Carbide Bandsaw Blades are derived from the carbide saw, a name that originated from a circular saw blade with silver soldered carbide tips. Other names include cold cut, cold circular, cold cut-off, and circular cold saws.

The carbide blade nearly replaced solid or segmented high-speed steel (HSS) blades since carbide is much harder than HSS.

HSS blades use coolant to keep the surface from over-heating, but the carbide circular saw has a unique geometry of teeth that allows for heat developed during the cutting process to be transferred to and then carried away with the chips.

The most common type of carbide saw is the Horizontal Slide Saw. The saw blade for this model is mounted on the gearbox spindle, it slides on horizontally, and horizontally enters the billet.

Conversely, the Vertical Slide Bandsaw enters into the material vertically.
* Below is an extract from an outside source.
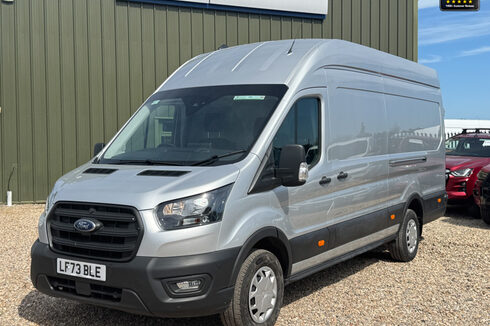 Ford Transit JUMBO XLWB L4H3 High Roof 350 Trend Ecoblue Mhev Air Con Sensors EURO 6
The vertical bandsaw is commonly used as a material layering saw in order for tubes, profiles, or bars to be cut simultaneously.

Carbide saws with an incline are used to cut railroad ties since the saw blade enters into the rail profile best.

Pivot Saws have the pivot above the machine bed so that the saw blade enters vertically, and in an arch-shape, into the material, and without a closed force loop.

At SawBlade.com, we offer three different types of Carbide saw blade.

Carbon blades, which include the 101 and 102 series of carbide blade, are designed to work with most wood materials, but there are bi-metal blades, including the 501, 601, and the 701 series of bandsaw blade that are used for hard materials like structural steels, alloys, and solids.

Then there are the carbide-tipped blades, which are a tougher saw blade than the rest.

A carbide-tipped blade is made from a ball of carbide welded in a pocket that is milled into the tooth tip. The ball, found in the tooth tip, is ground to blend in with the tooth shape, offering for a durable bandsaw blade.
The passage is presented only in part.